To make myself clear, Phetland is doing exactly the right thing: presenting what he sees as "important insights and theoretical constructs" that he finds in Foucault. My problem is that the "insights" seem to me familiar and there are no "theoretical constructs," except in that simple and familiar ideas have been dressed up in complicated and pretentious rhetoric. Phetland asks whether I think this is "wrong, useless, or posturing." No. The historical parts look interesting sometimes, though they have to be treated with caution and independent verification is even more worth undertaking than it usually is. The parts that restate what has long been obvious and put in much simpler terms are not "useless," but indeed useful, which is why I and others have always made the very same points. As to "posturing," a lot of it is that, in my opinion, though I don't particularly blame Foucault for it: it's such a deeply rooted part of the corrupt intellectual culture of Paris that he fell into it pretty naturally, though to his credit, he distanced himself from it. As for the "corruption" of this culture particularly since World War II, that's another topic, which I've discussed elsewhere and won't go into here. Frankly, I don't see why people in this forum should be much interested, just as I am not. There are more important things to do, in my opinion, than to inquire into the traits of elite intellectuals engaged in various careerist and other pursuits in their narrow and (to me, at least) pretty unininteresting circles. That's a broad brush, and I stress again that it is unfair to make such comments without proving them: but I've been asked, and have answered the only specific point that I find raised. When asked about my general opinion, I can only give it, or if something more specific is posed, address that. I'm not going to undertake an essay on topics that don't interest me.
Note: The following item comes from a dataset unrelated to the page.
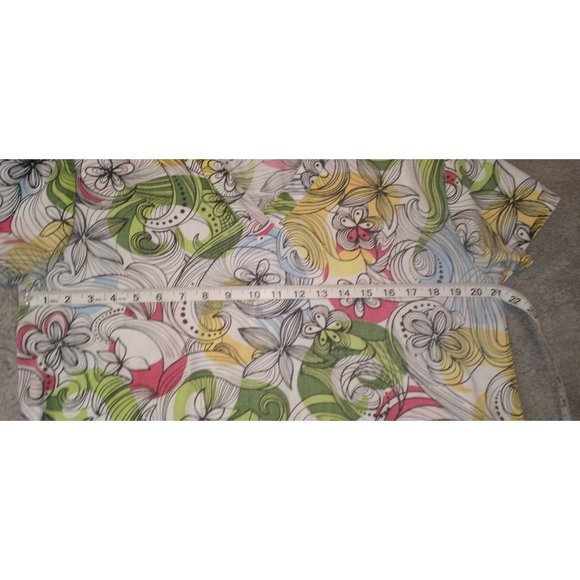 Zikit Women's Size Medium Floral Print V-Neck Scrub Top - Picture 6 of 8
Unless someone can answer the simple questions that immediately arise in the mind of any reasonable person when claims about "theory" and "philosophy" are raised, I'll keep to work that seems to me sensible and enlightening, and to people who are interested in understanding and changing the world.

Johnb made the point that "plain language is not enough when the frame of reference is not available to the listener"; correct and important. But the right reaction is not to resort to obscure and needlessly complex verbiage and posturing about non-existent "theories." Rather, it is to ask the listener to question the frame of reference that he/she is accepting, and to suggest alternatives that might be considered, all in plain language. I've never found that a problem when I speak to people lacking much or sometimes any formal education, though it's true that it tends to become harder as you move up the educational ladder, so that indoctrination is much deeper, and the self-selection for obedience that is a good part of elite education has taken its toll. Johnb says that outside of circles like this forum, "to the rest of the country, he's incomprehensible" ("he" being me). That's absolutely counter to my rather ample experience, with all sorts of audiences. Rather, my experience is what I just described. The incomprehensibility roughly corresponds to the educational level. Take, say, talk radio. I'm on a fair amount, and it's usually pretty easy to guess from accents, etc., what kind of audience it is. I've repeatedly found that when the audience is mostly poor and less educated, I can skip lots of the background and "frame of reference" issues because it's already obvious and taken for granted by everyone, and can proceed to matters that occupy all of us. With more educated audiences, that's much harder; it's necessary to disentangle lots of ideological constructions.

It's certainly true that lots of people can't read the books I write. That's not because the ideas or language are complicated --- we have no problems in informal discussion on exactly the same points, and even in the same words. The reasons are different, maybe partly the fault of my writing style, partly the result of the need (which I feel, at least) to present pretty heavy documentation, which makes it tough reading. For these reasons, a number of people have taken pretty much the same material, often the very same words, and put them in pamphlet form and the like. No one seems to have much problem --- though again, reviewers in the Times Literary Supplement or professional academic journals don't have a clue as to what it's about, quite commonly; sometimes it's pretty comical.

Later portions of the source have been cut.